Three types of data references are currently handled: ARRAY_REF,
INDIRECT_REF and COMPONENT_REF. The data structure for the data reference
is data_reference
, where data_reference_p
is a name of a
pointer to the data reference structure. The structure contains the
following elements:
base_object_info
: Provides information about the base object
of the data reference and its access functions. These access functions
represent the evolution of the data reference in the loop relative to
its base, in keeping with the classical meaning of the data reference
access function for the support of arrays. For example, for a reference
a.b[i][j]
, the base object is a.b
and the access functions,
one for each array subscript, are:
{i_init, + i_step}_1, {j_init, +, j_step}_2
.
first_location_in_loop
: Provides information about the first
location accessed by the data reference in the loop and about the access
function used to represent evolution relative to this location. This data
is used to support pointers, and is not used for arrays (for which we
have base objects). Pointer accesses are represented as a one-dimensional
access that starts from the first location accessed in the loop. For
example:
for1 i for2 j *((int *)p + i + j) = a[i][j];
The access function of the pointer access is {0, + 4B}_for2
relative to p + i
. The access functions of the array are
{i_init, + i_step}_for1
and {j_init, +, j_step}_for2
relative to a
.
Usually, the object the pointer refers to is either unknown, or we can't prove that the access is confined to the boundaries of a certain object.
Two data references can be compared only if at least one of these two representations has all its fields filled for both data references.
The current strategy for data dependence tests is as follows:
If both a
and b
are represented as arrays, compare
a.base_object
and b.base_object
;
if they are equal, apply dependence tests (use access functions based on
base_objects).
Else if both a
and b
are represented as pointers, compare
a.first_location
and b.first_location
;
if they are equal, apply dependence tests (use access functions based on
first location).
However, if a
and b
are represented differently, only try
to prove that the bases are definitely different.
The structure describing the relation between two data references is
data_dependence_relation
and the shorter name for a pointer to
such a structure is ddr_p
. This structure contains:
are_dependent
that is set to chrec_known
if the analysis has proved that there is no dependence between these two
data references, chrec_dont_know
if the analysis was not able to
determine any useful result and potentially there could exist a
dependence between these data references, and are_dependent
is
set to NULL_TREE
if there exist a dependence relation between the
data references, and the description of this dependence relation is
given in the subscripts
, dir_vects
, and dist_vects
arrays,
subscripts
that contains a description of each
subscript of the data references.
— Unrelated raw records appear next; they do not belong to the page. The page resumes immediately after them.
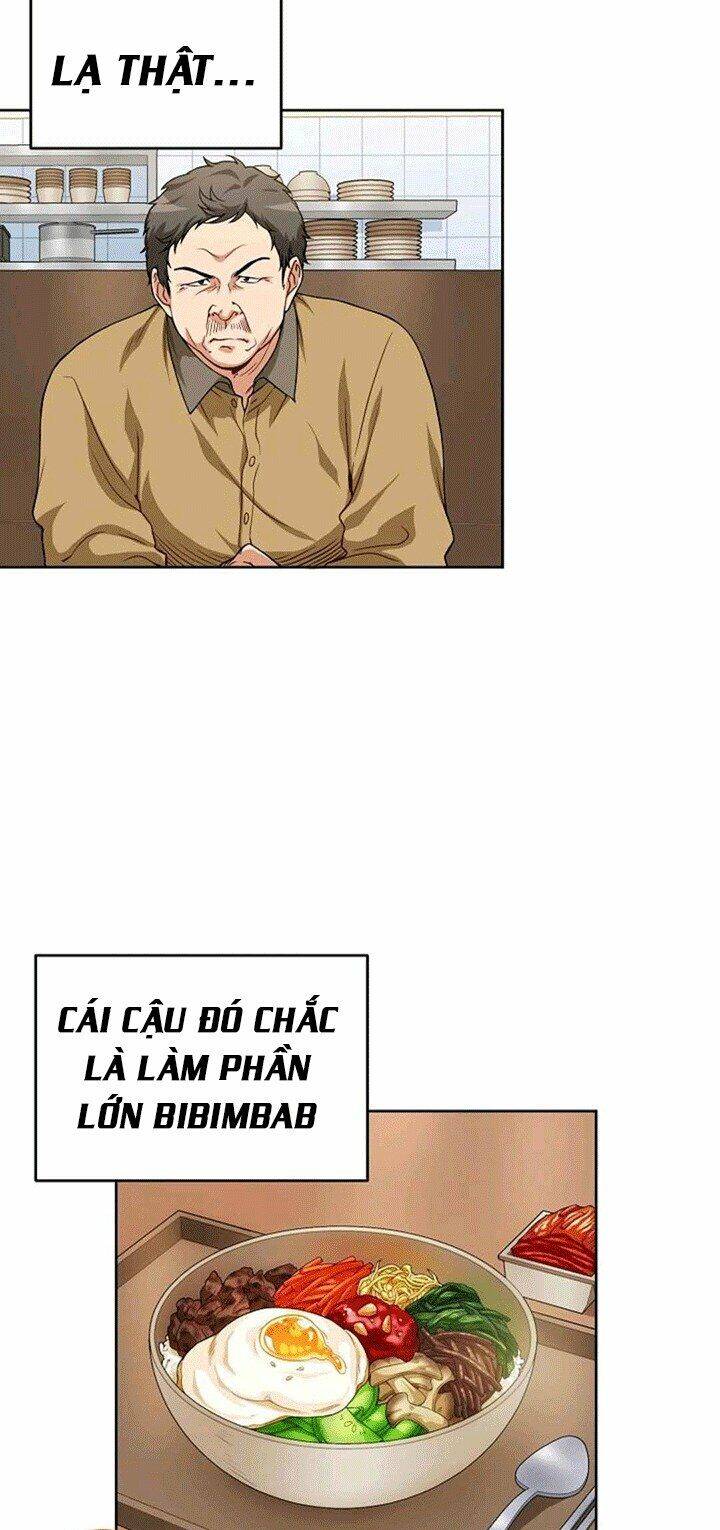 Xin Mời Dùng Bữa - Chapter 6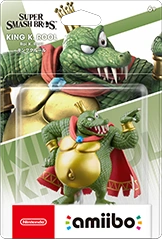 King K Rool Amiibo Wiki Fandom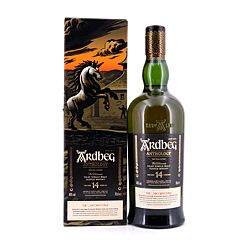 Ardbeg Anthology The Unicorn’s Tale 14 Jahre Produktbild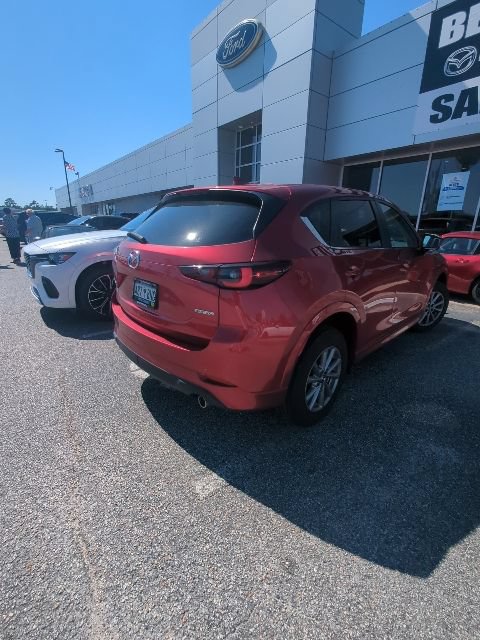Used 2025 MAZDA CX-5 AWD 2.5 S w/ Select Package image 3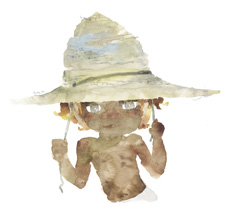 展覧会「みんな、いっしょだよ。」のイメージ画像
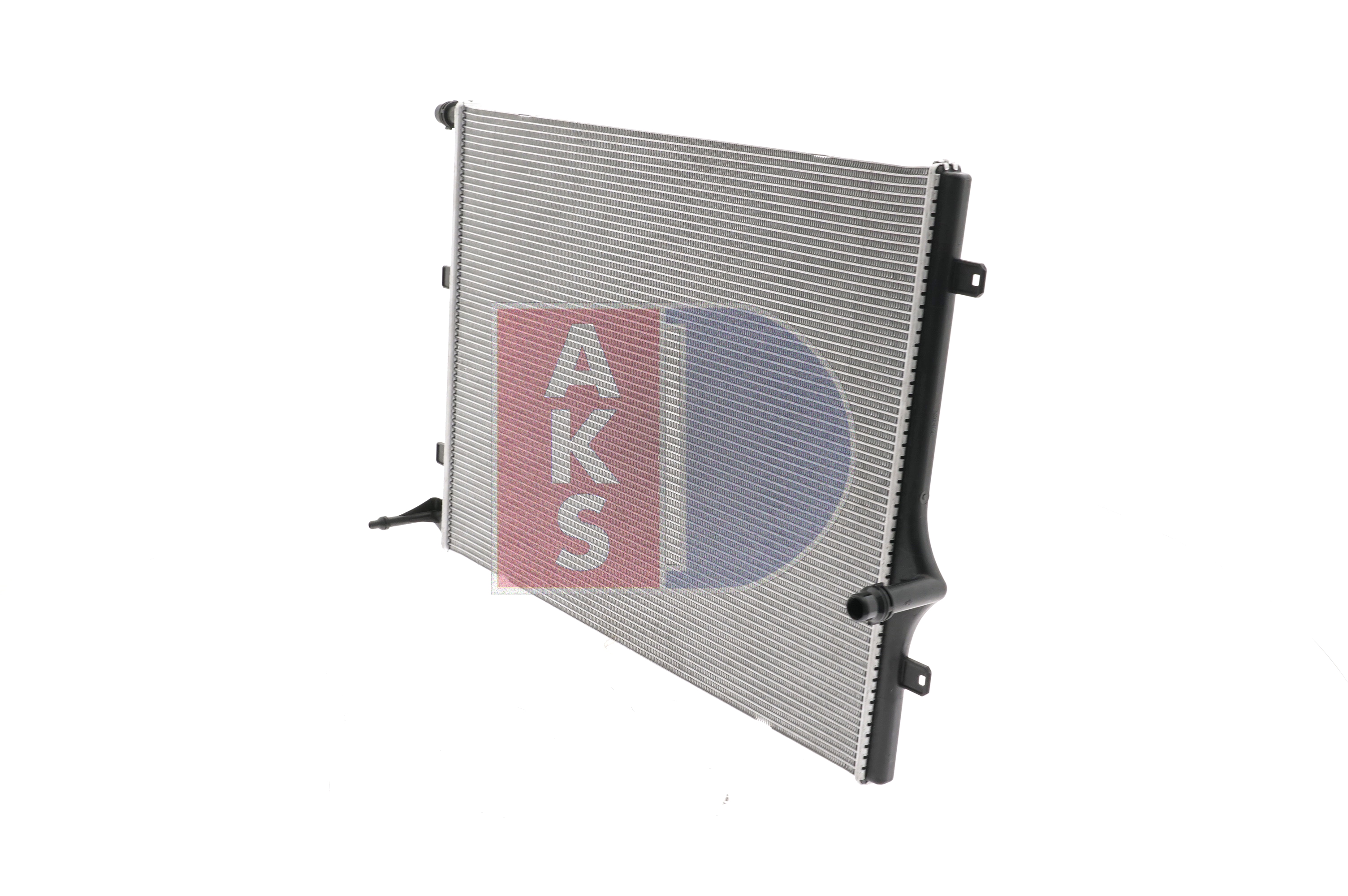 AKS DASIS 120148N Radiatore bassa temperatura, Intercooler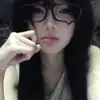 Marco de Gafas Llorando Bidimensional Y2K Hot Girl Gafas Llorosas Estilo Uniforme Escolar Japonés Cos Anime Accesorios para Marco de Fotos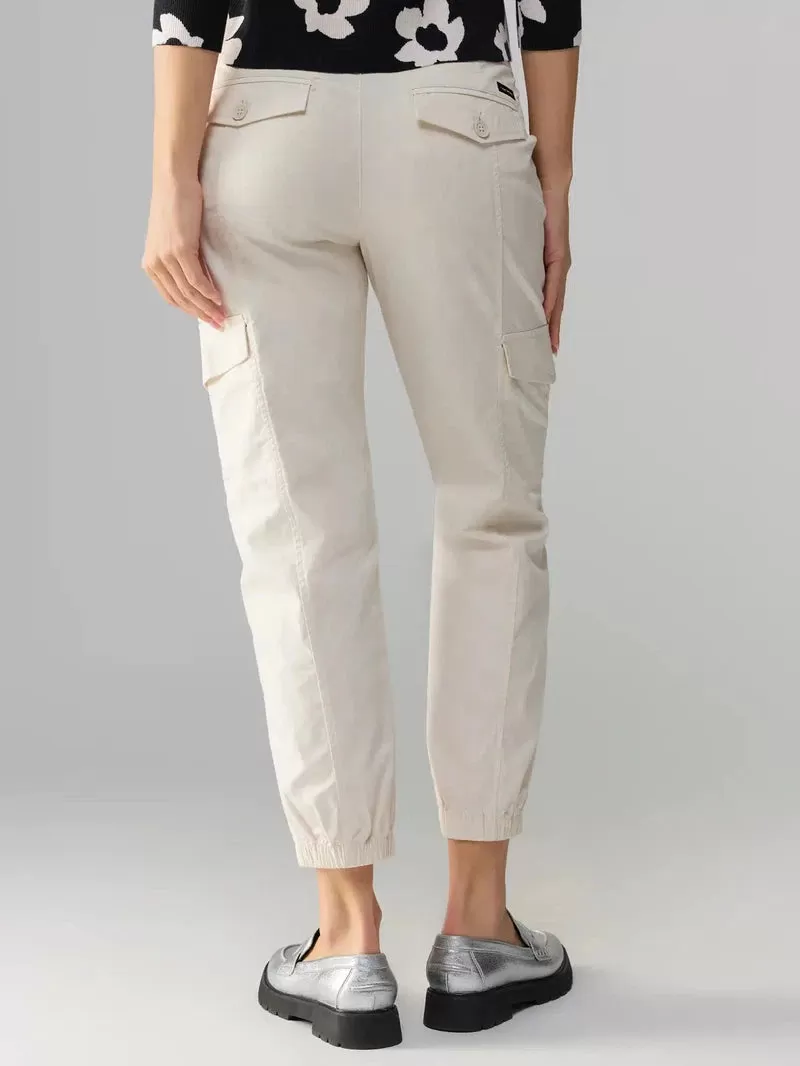 Rebel Pant in Eco Natural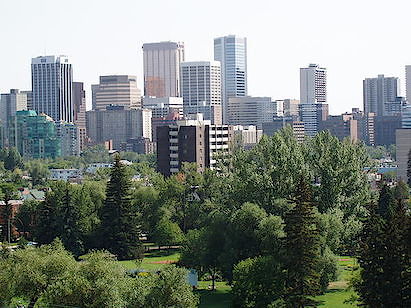 Riley Park Tower Kensington Calgary Alberta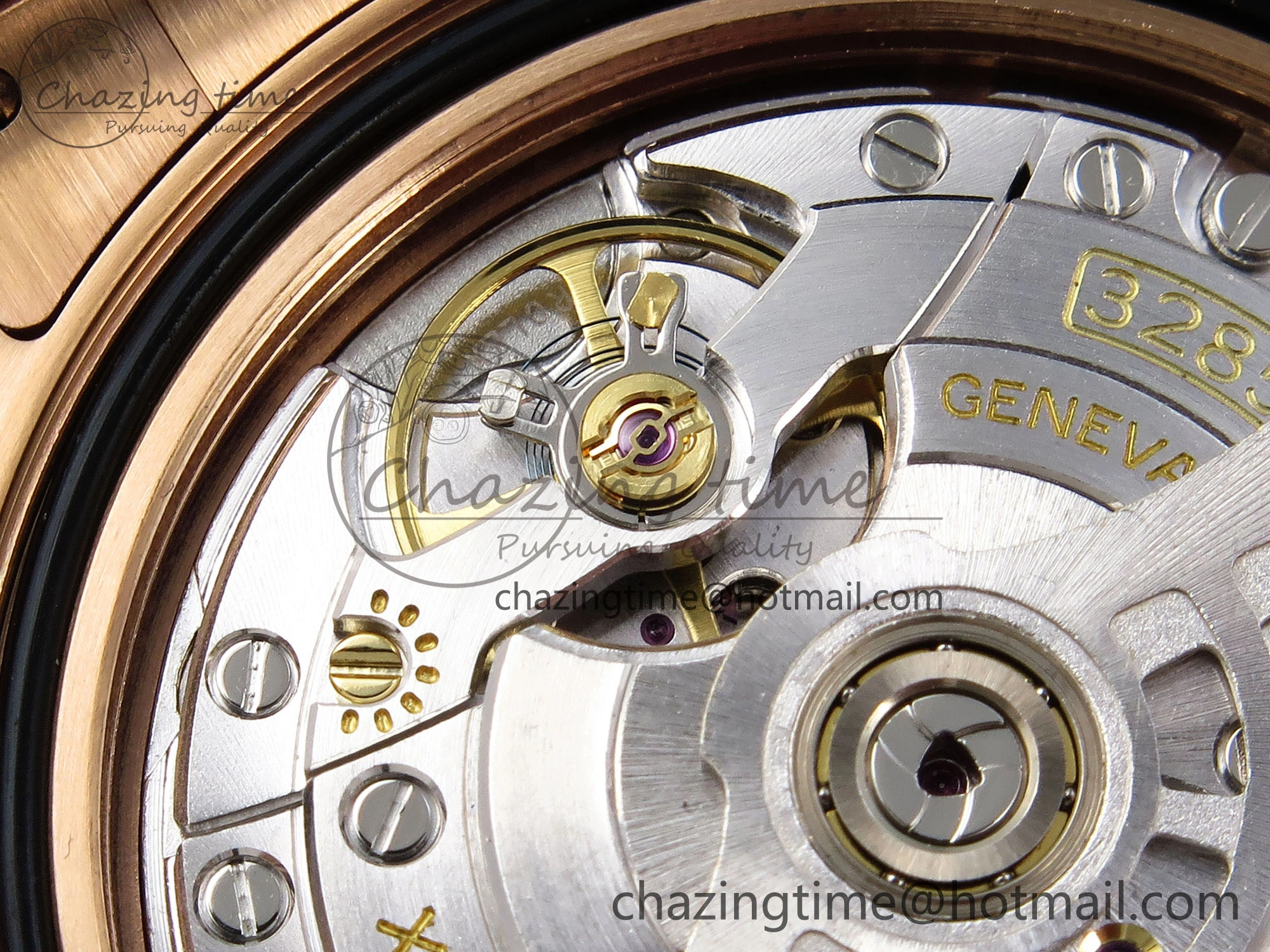 MoistureWicking GMT-Master II 126715 CHNR Black Brown Ceramic Clean Factory 1:1 Best Edition on RG Bracelet DD 1715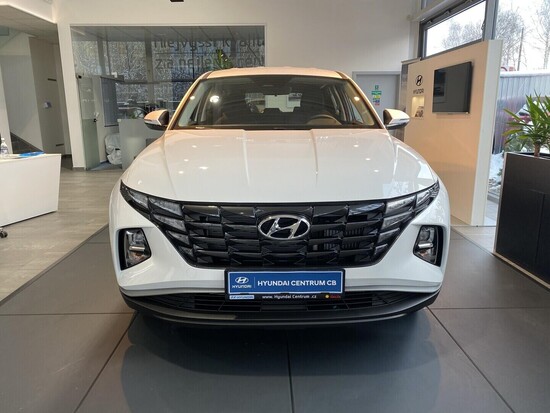 HYUNDAI Tucson Start 1,6 T-GDI 4x2  110 kW_2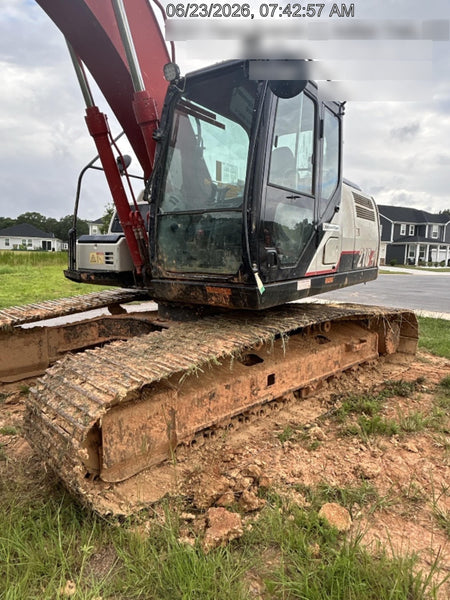 2021 LINK-BELT 210X4EX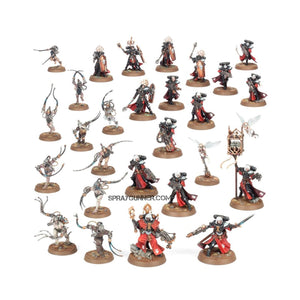 Warhammer 40k: Combat Patrol: Adepta Sororitas - SprayGunner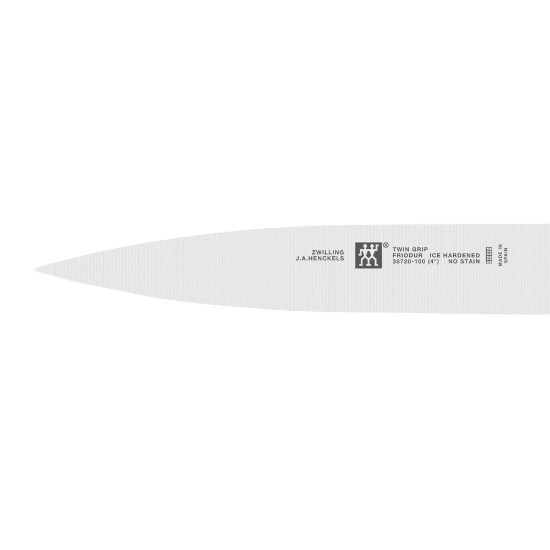 Cutit pentru decojit, 10cm, "TWIN Grip" - Zwilling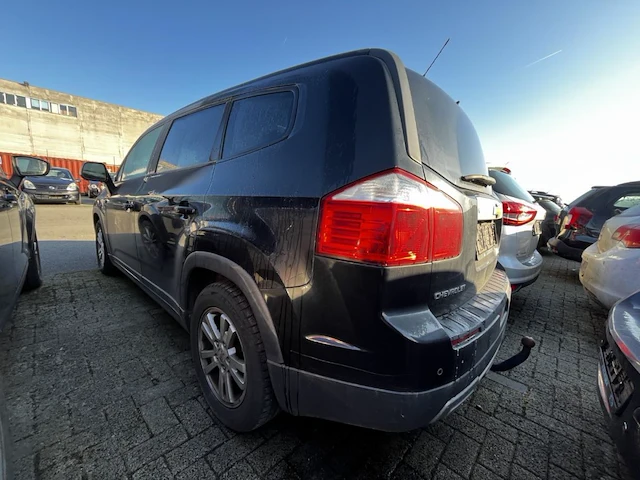 Chevrolet orlando lt turbo start&stop, 2013 - afbeelding 25 van  29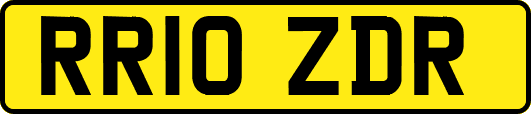 RR10ZDR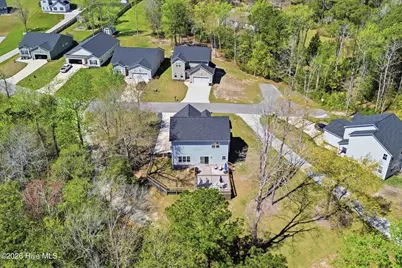 206 Baker Road, Hubert, NC 28539 - Photo 5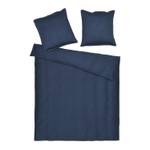 housse de duvet STÄFA Bleu nuit - 240 x 240 cm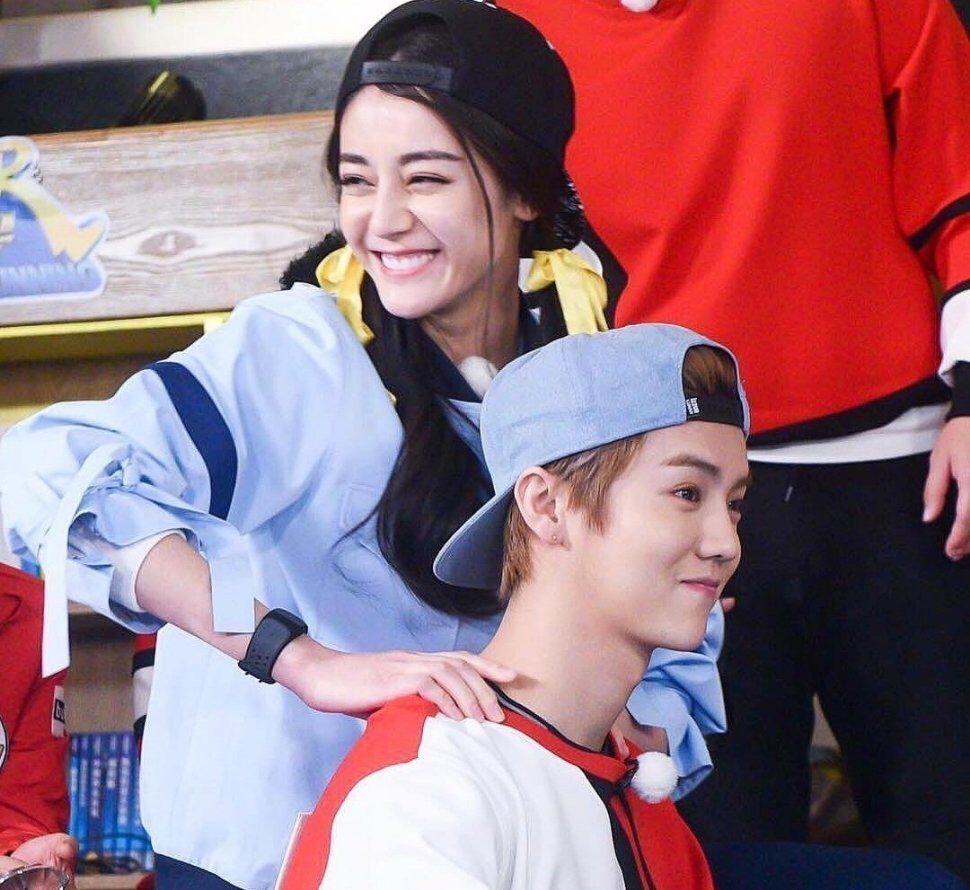 鹿晗|鹿晗关晓彤分手？不如期待女方新电影，搭档黄景瑜上演胖子逆袭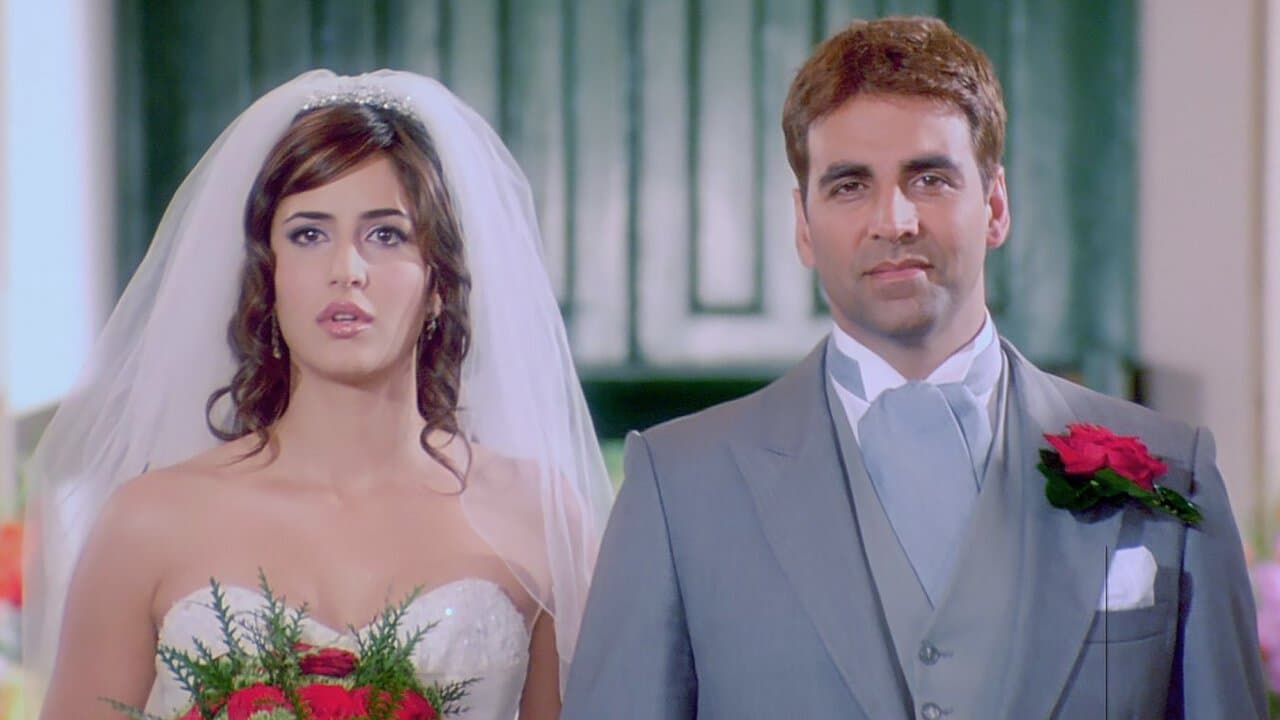 Backdrop – Namastey London - Jetzt bockt die Braut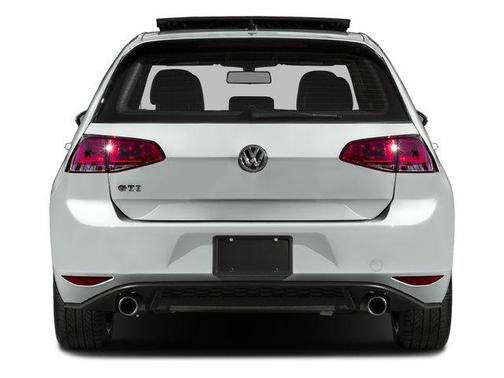 2017 Volkswagen Golf GTI 2.0T S 4-Door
Given two array accesses a
subscript is the tuple composed of the access functions for a given
dimension. For example, given A[f1][f2][f3]
and
B[g1][g2][g3]
, there are three subscripts: (f1, g1), (f2,
g2), (f3, g3)
.
dir_vects
and dist_vects
that contain
classical representations of the data dependences under the form of
direction and distance dependence vectors,
loop_nest
that contains the loops to
which the distance and direction vectors refer to.
Several functions for pretty printing the information extracted by the
data dependence analysis are available: dump_ddrs
prints with a
maximum verbosity the details of a data dependence relations array,
dump_dist_dir_vectors
prints only the classical distance and
direction vectors for a data dependence relations array, and
dump_data_references
prints the details of the data references
contained in a data reference array.